Lola Montez and Henry Seekamp, depicted in Melbourne Punch in 1856. Courtesy of State Library of Victoria |
Moral reaction came quickly. In Melbourne, Dr John Milton, head of the City Court Mission, appointed himself as Montez’s arch-enemy.
After her first performance of the Spider Dance, he demanded a warrant be issued for her arrest, to prevent any repetition of the affront.
He was unsuccessful, perhaps due to mayor and theatre-builder John Smith being in the chair as presiding magistrate. Worthy citizens of Geelong also tried to shut her act down, without success.
Things were easier for Montez in gold mining country.
“Bendigo and Ballarat were turning into settled towns, but their goldfields still held large migratory male populations,” says historian David Goodman. “Entertainment was very welcome, so touring companies and other entertainers quickly got onto a circuit through the area.” Ever the canny self-publicist, Lola visited Ballarat miners at their diggings, and shouted them at local bars.
Her time in Ballarat included a violent incident that was reported in newspapers around the world. After a disapproving letter to the Ballarat Times described Lola as possessing “notoriety of an unenviable kind”, she laid into the newspaper’s editor, Henry Seekamp, in the bar of the United States Hotel, with a whip she’d just won in a raffle (see cartoon above).

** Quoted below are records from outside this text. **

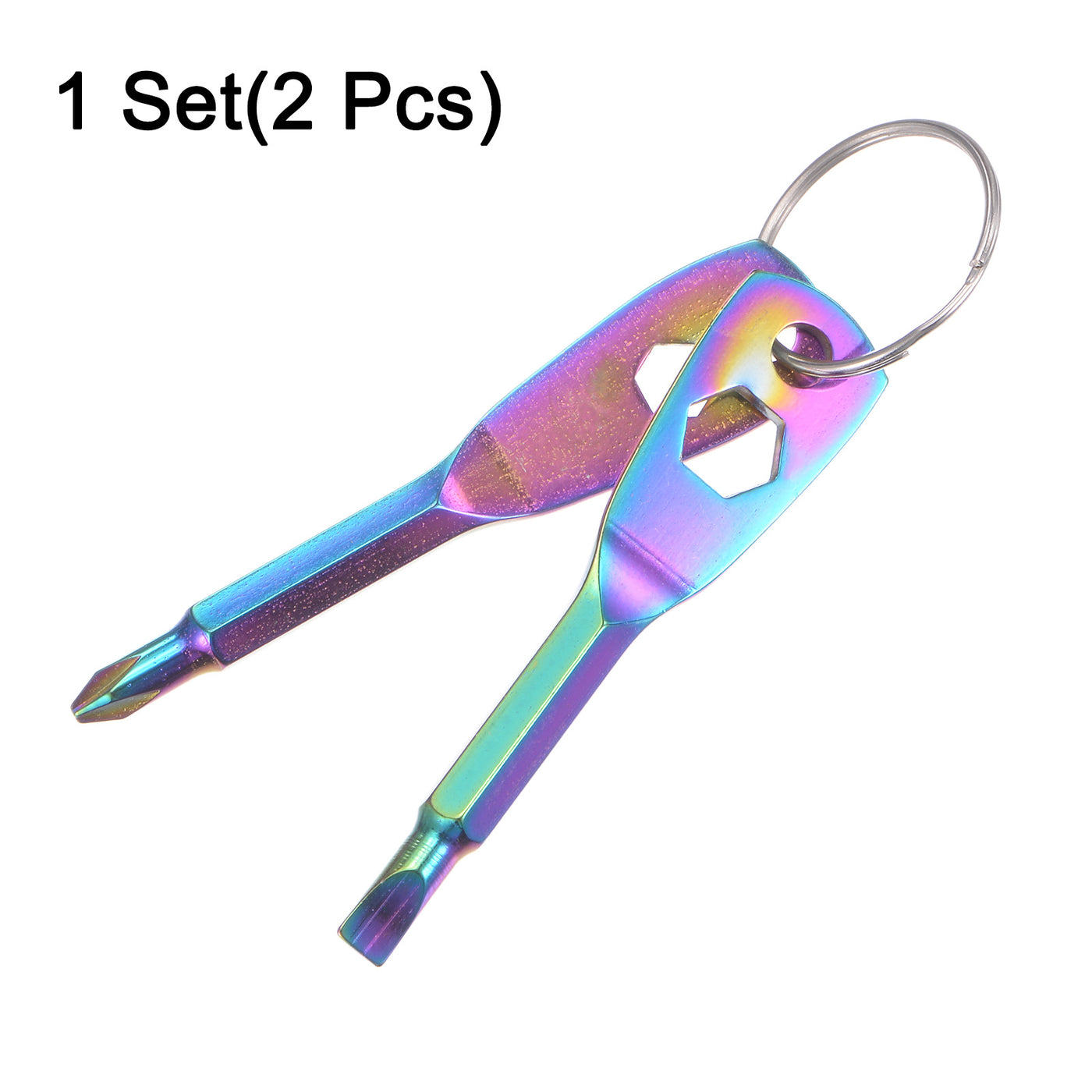 Harfington 2pcs Portable Keychain Screwdriver PH1 Phillips 4.8mm Slotted W Keyring Colorful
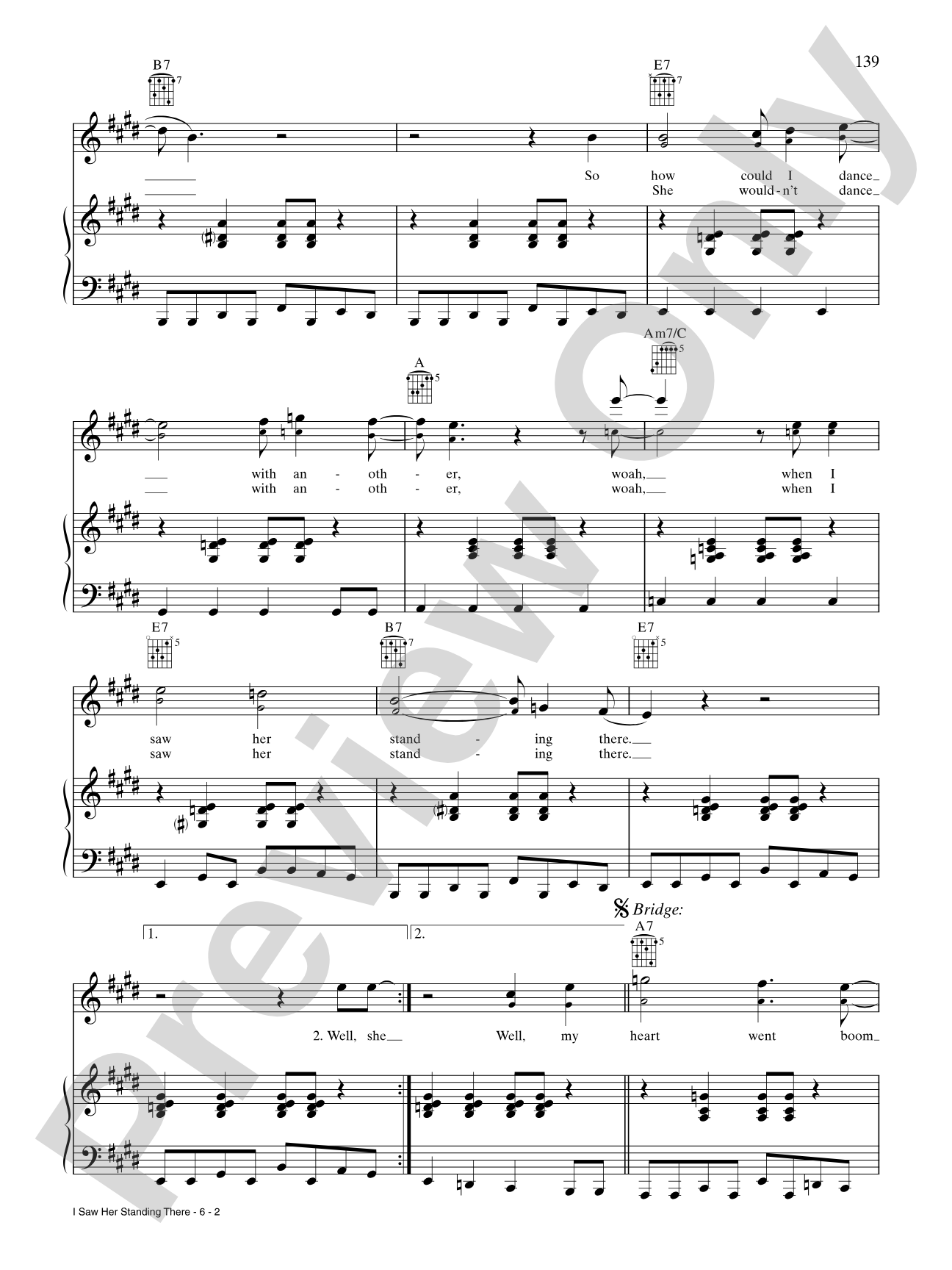 I Saw Her Standing There: Piano/Vocal/Chords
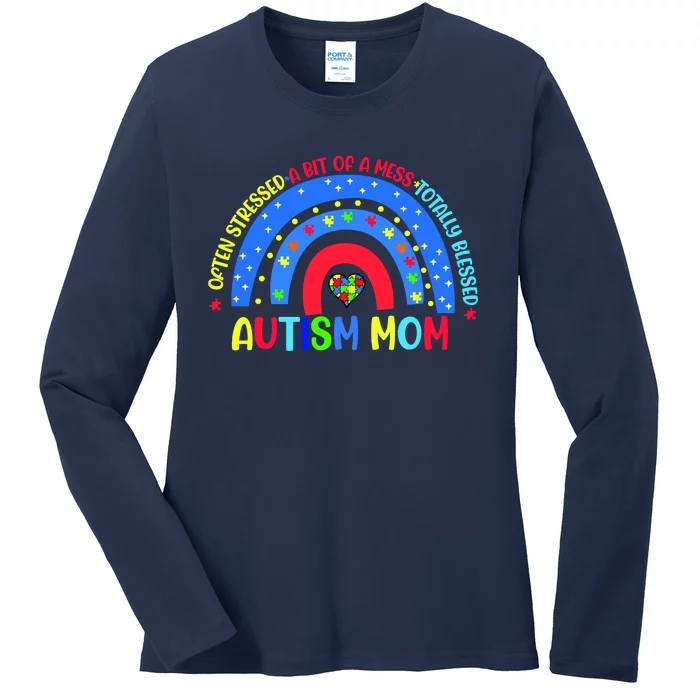 Autism Mom Rainbow Totally Blessed Awareness Love Puzzle Ladies Long Sleeve Shirt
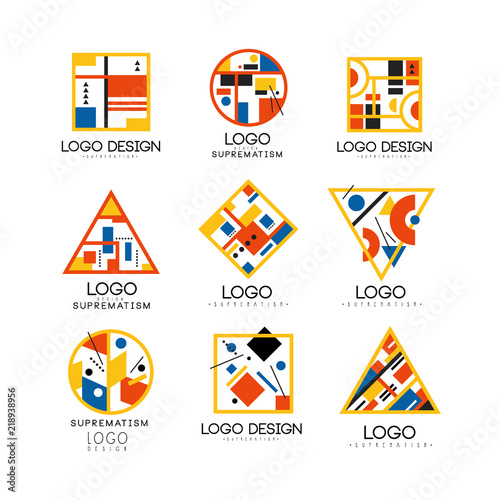 Suprematism logo design set, abstract creative geometric templates can be used for brand identity, advertising, poster, banner, flyer, web, app vector Illustrations on a white background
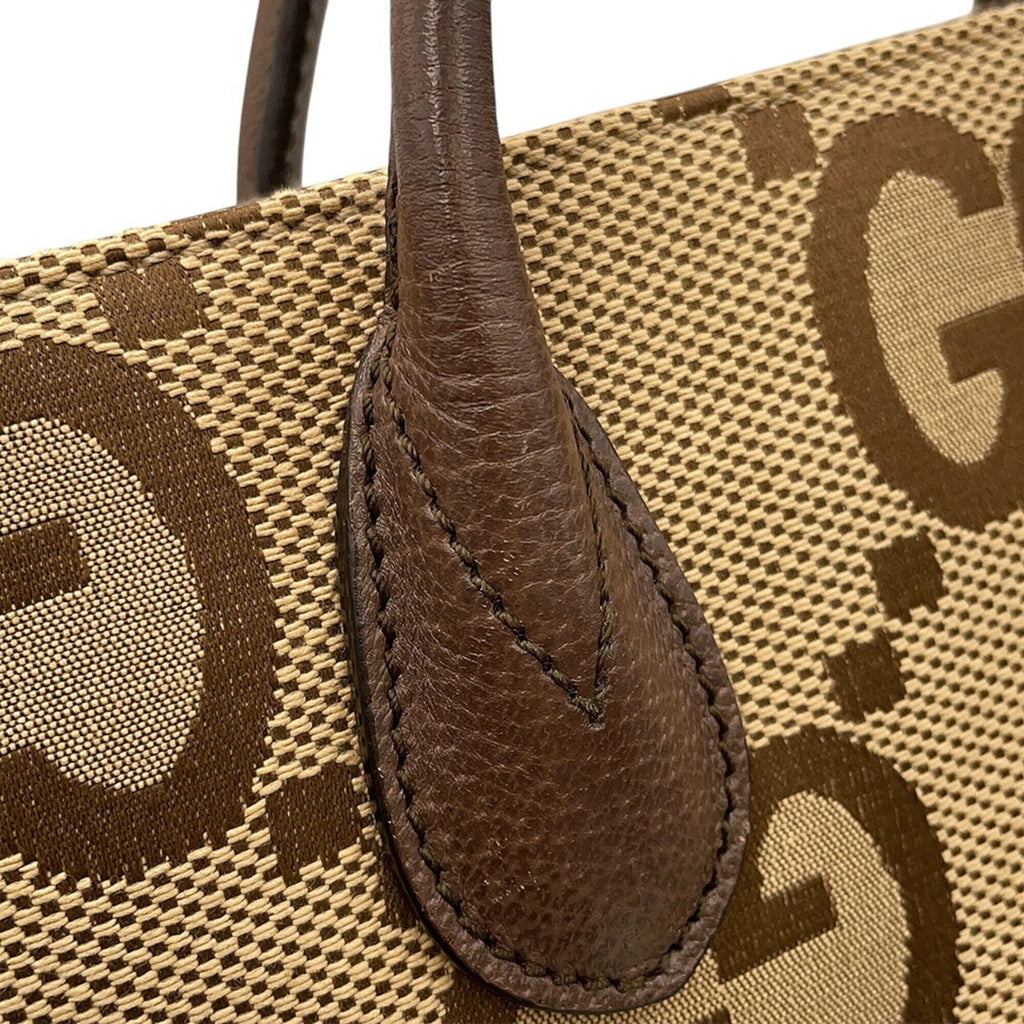 Gucci Beige Brown Canvas Leather Shoulder Bag Tote Bag (Pre-Owned)
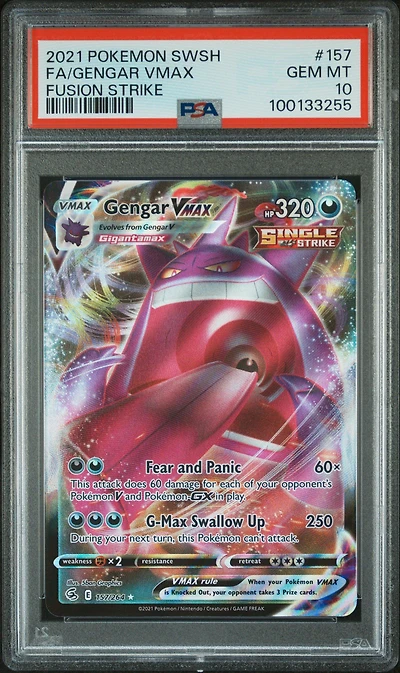 2021 Pokemon Sword & Shield Fusion Strike 157 Full Art/gengar Vmax PSA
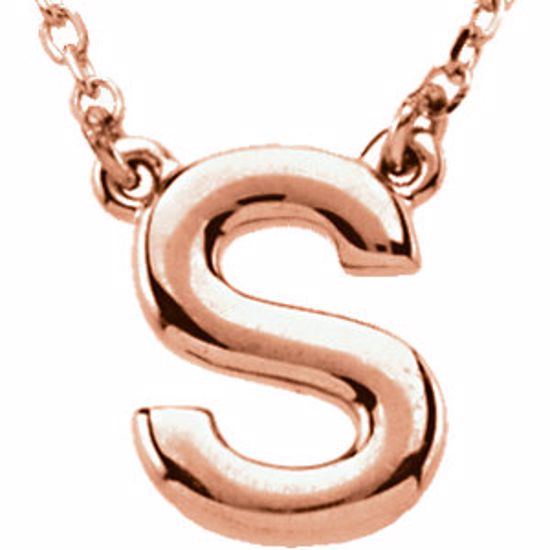 84634:60018:P 14kt Rose Letter "S" Block Initial 16" Necklace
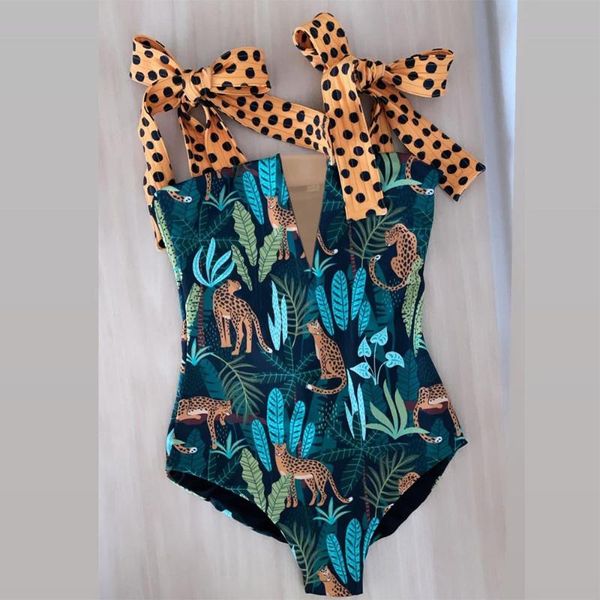 

one-piece suits 2021 one piece swimsuit shoulder strappy print floral swimwear women backless bathing suit beach wear monokini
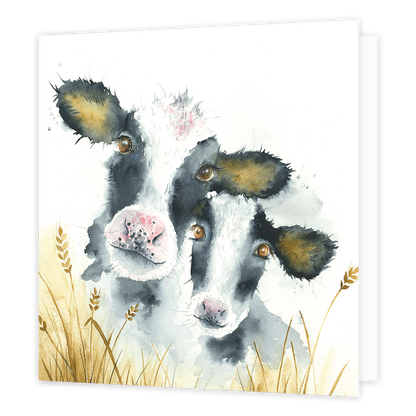 Koeien - Formaat: Normaal - Vorm: Vierkant - Blanco kaart - Op deze wenskaart staan twee koeien die boven het gras uitkijken. - Snelwenskaart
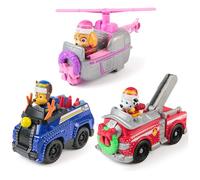 Paw Patrol Pacchetto di veicoli per le vacanze, Chase a tema festivo, Action Figure Marshall e Skye e veicoli di salvataggio, giocattoli per bambini per ragazzi e ragazze dai 3 anni in su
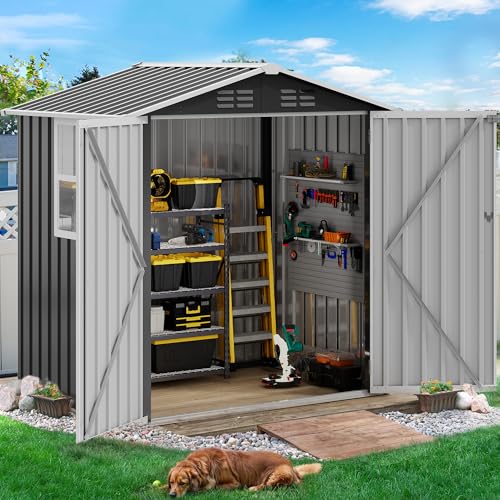 6x4ft Metal Outdoor Storage Shed with Window H334367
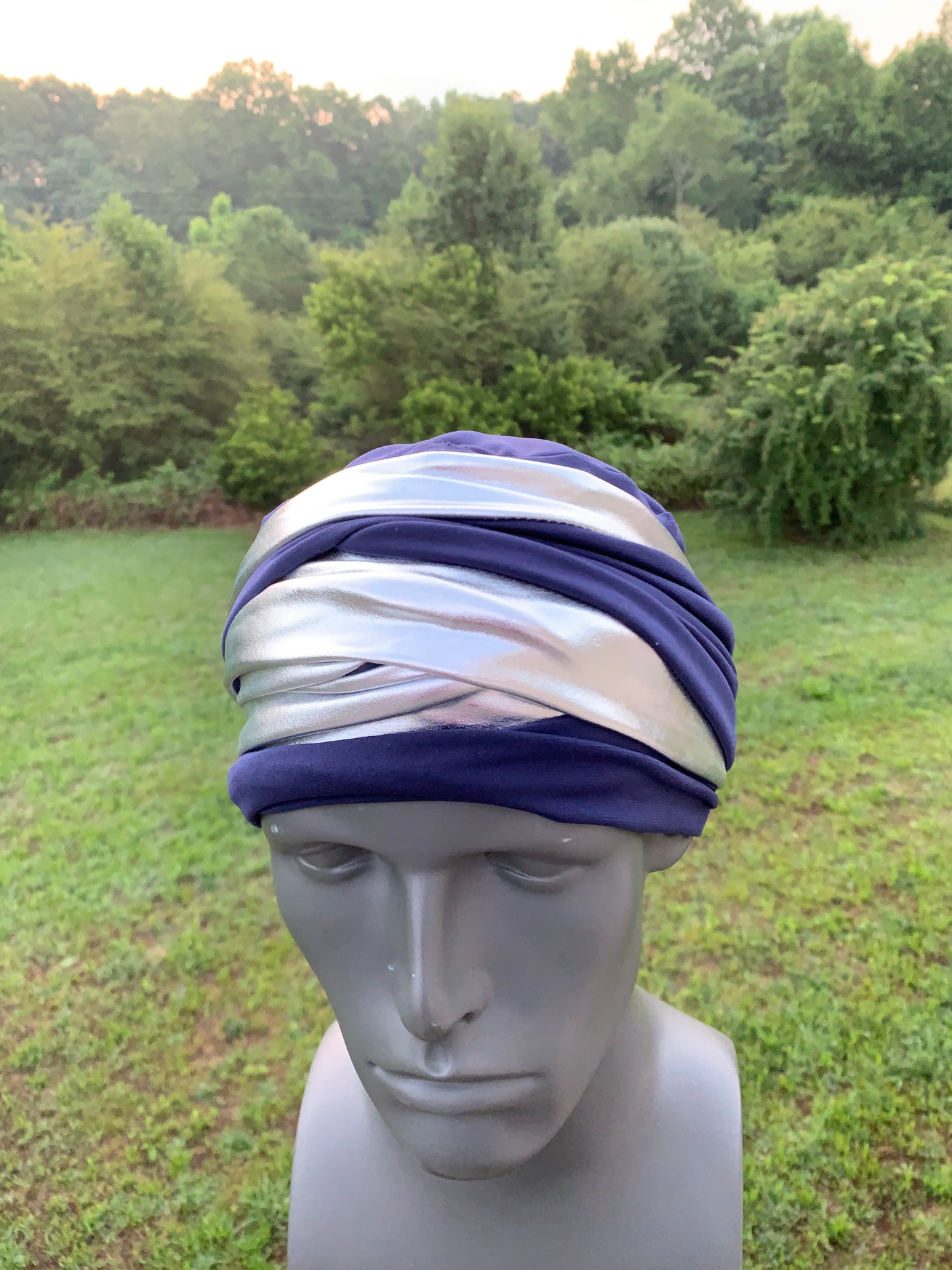 The King Navy n Silver EZ PZ Turban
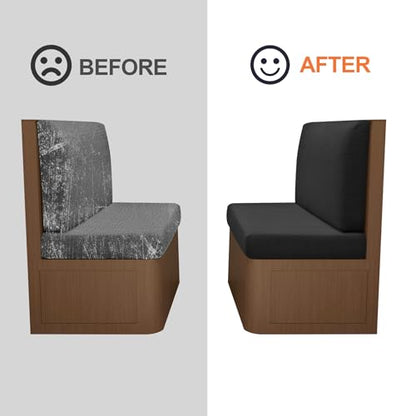 FUANGUI RV Dinette Cushion Covers - Stretch Camper Cushion Booth Seats Replacement - Washable Sofa Furniture Protector (Black, 2 Bench & 2 Backrest Covers) - color: Black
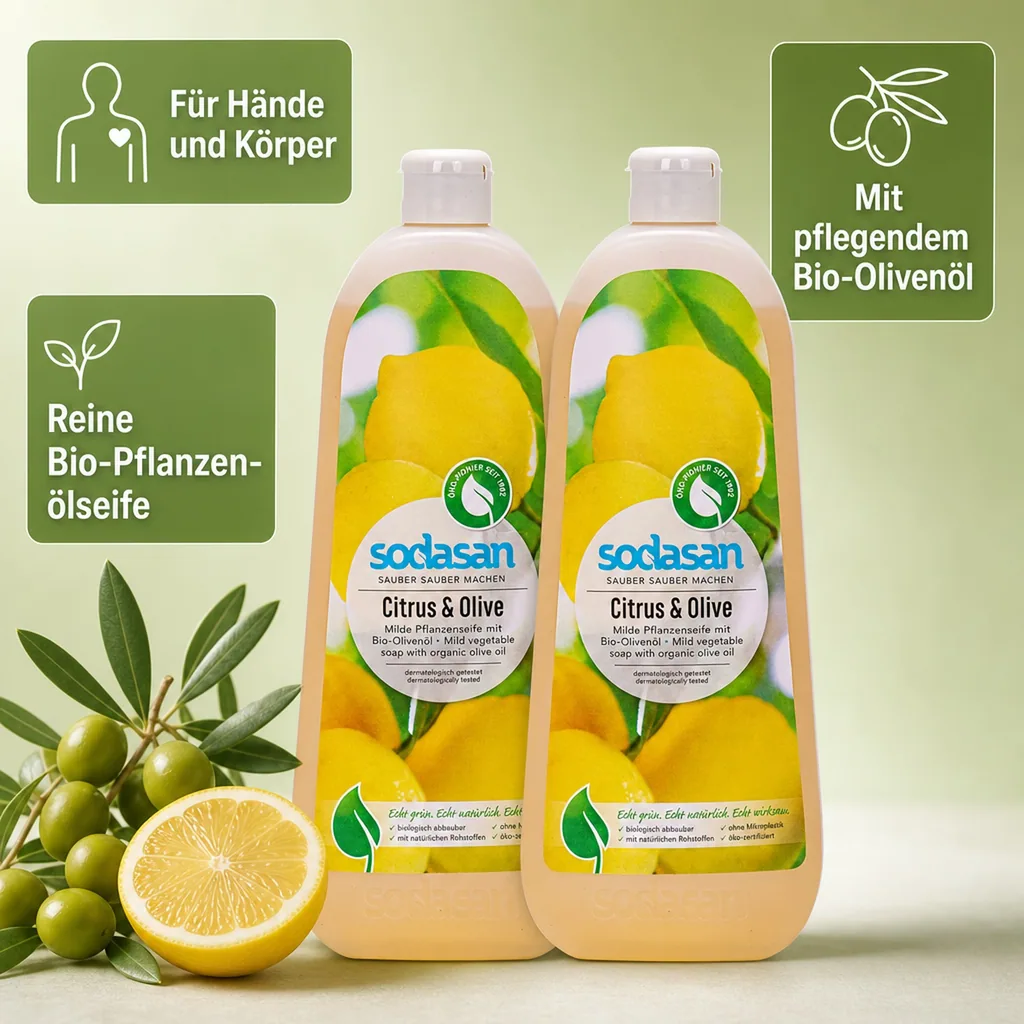 SODASAN Flüssigseife Liquid Citrus-Olive 2 x 1 Liter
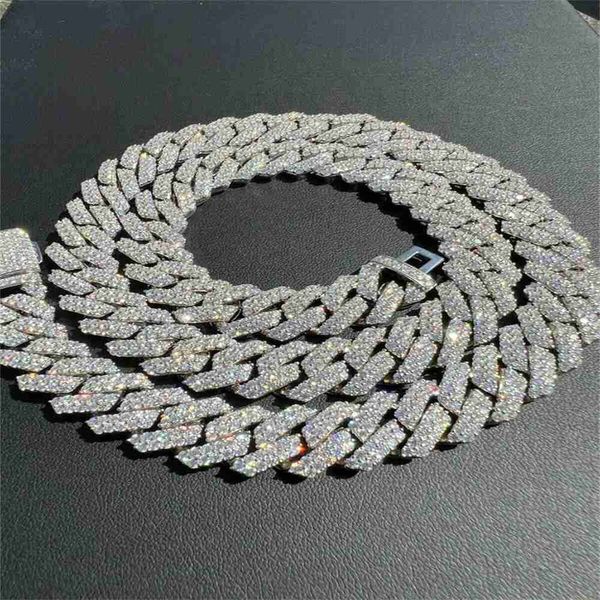 

14mm s925 sterling silver iced out moissanite diamond hip hop jewelry cuban link miami necklace chain for men moissanite chain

Seekamp had been a hero of the 1854 Eureka Stockade revolt through his support for the rebel cause, and was known for his energy and temper; so he was unlikely to take the attack lightly. He replied with his own whip, and the two had to be separated by bystanders.
With highlights like these, Victorian newspapers used up plenty of newsprint on Lola. As they do now, the media loved a controversial woman for her ability to increase sales, whether they were praising or damning her. They were also happy to exaggerate existing stories about Montez, repeat unlikely rumours, and make new ones up, in an ever-expanding game of Chinese Whispers.
It was a situation that would suit her down to the ground. Lola thrived on controversy, often stoking the fires herself via letters to the editor, twisting facts to suit her public image.
She also gave the colony’s moral guardians a clear target, though they’d rarely seen the work they were complaining of, and the varied reactions of newspaper critics suggests the Spider Dance’s impropriety was very much in the eye of the beholder. But as we see today, outbreaks of moral panic have a lot to do with expressing the ego of the complainant, via the volume of his or her moral indignation.
Despite this sporadic resistance to her tour, accompanied by unsubstantiated rumours of intoxication and other unladylike behaviour, her audiences voted with their feet. They were happy to buy a ticket to be in close proximity to fame. They may also have sided with her dismissal of accepted authorities, not unlike the audiences who applauded Madonna’s critically panned West End stage debut in 2002.
Though Montez was only in the colony for a few months, she brought an air of international glamour to this remote part of the Western world. Did her success foreshadow the cultural cringe by which Australians sought validation from imported figures and culture?
No, says Goodman. “International entertainment was welcome, but ‘cultural cringe’ is anachronistic. Most of the population had only been here a couple of years, so they’re not thinking of themselves as Australian. Gold rush Melbourne is a very cosmopolitan society; more so than an English regional city like Bristol, for example.”
How significant was her visit to our developing colony? There’s no question that Lola Montez was one of the most colourful characters to visit Victoria, in the most colourful era of its history. But on the face of it, it’s hard to see her as anything more than a footnote.
Her outspoken commitment to liberal democracy was adopted for a New World audience, and her possibilities as a feminist icon are problematic. Though she was clearly a woman with a desire for an independent life, it was driven by her own demons rather than commitment to a cause.
Whatever her importance beyond the stage, Lola Montez is remembered. Even now, many Victorians recognise her name, some from history lessons at school. There’s even been a children’s book and a musical inspired by her tour. Why is she still so fascinating to the inhabitants of a post-modern era awash with celebrity scandals?
Maybe her memory lives on because, like Oscar Wilde, Lola Montez seems a contemporary figure trapped in an unforgiving earlier age. Or possibly, despite all our advances in equality between the sexes, we’re still fascinated by a woman who could break all rules of female propriety and get away with it.